Hindustan Petroleum Corporation Limited (HPCL) may use a mix of shares, cash and oil bonds to pay for acquiring and merging Mangalore Refinery and Petrochemicals Ltd (MRPL) with itself, according to people familiar with the merger plan that’s in the works.
The final nature of the deal and the payment plan will be worked out once the boards of HPCL and MRPL approve the proposal to merge.
The board of the two companies, majority-controlled by Oil and Natural Gas Corp, are set to meet in two months to consider the merger.

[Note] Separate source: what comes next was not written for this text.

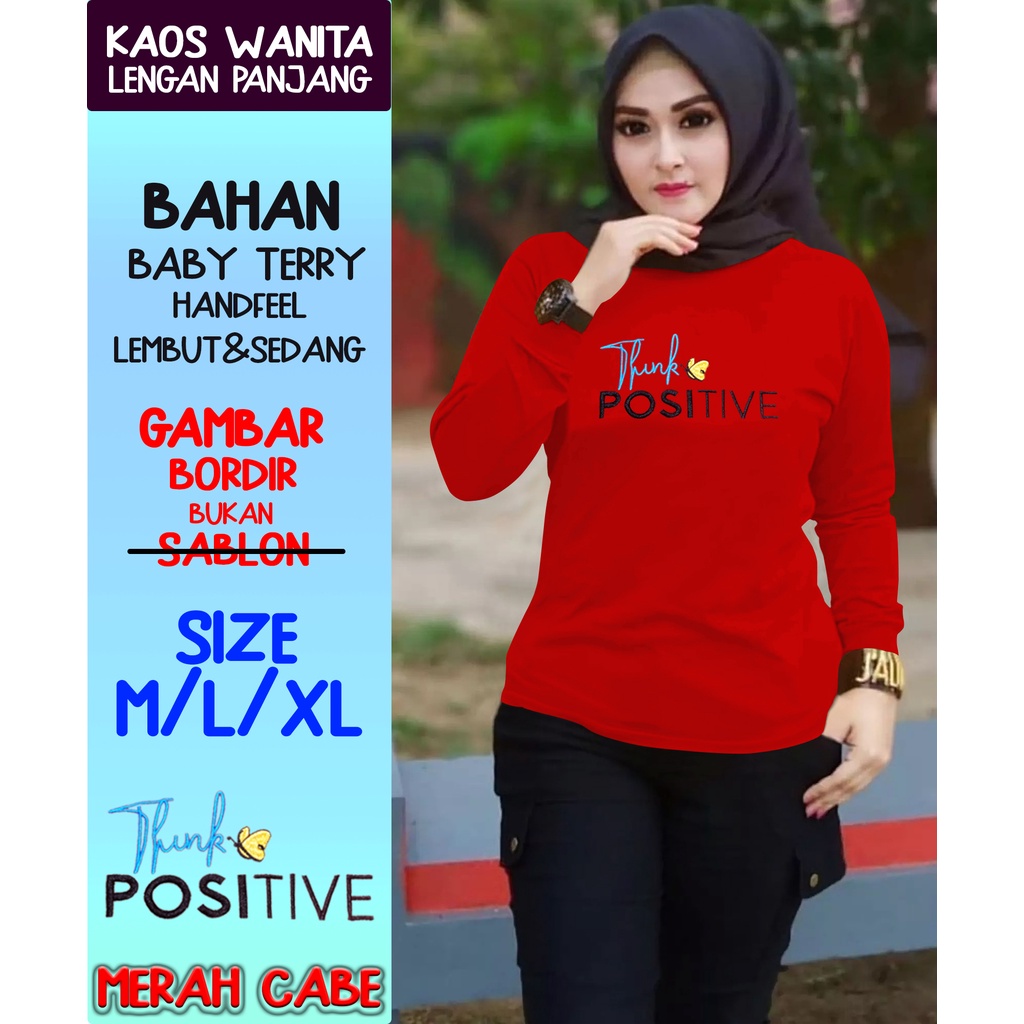 kaos wanita lengan panjang /atasan wanita lengan panjang bahan babyterry/baju wanita bordir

The HPCL-MRPL deal may put off the planned merger of ONGC Mangalore Petrochemicals Ltd (OMPL) with parent MRPL due to some tax benefit consideration, executives with knowledge of the matter said. OMPL is a 51:49 joint venture between MRPL and ONGC.
The plan of merging OMPL with MRPL has been approved by the boards of the three companies as well as the government, but may finally get shelved as the tax gain accompanying a merger is not available twice to a group in five years, and ONGC would want to claim the tax gain on a HPCL-MRPL deal rather than OMPL merger, executives said.
On Friday, the board of ONGC gave an in-principle approval for exploring options for restructuring of ONGC group companies. The restructuring proposal would be firmed up after factoring in the synergy of group companies, and MRPL’s obligation to meet the minimum public shareholding requirement, the company said in public filing.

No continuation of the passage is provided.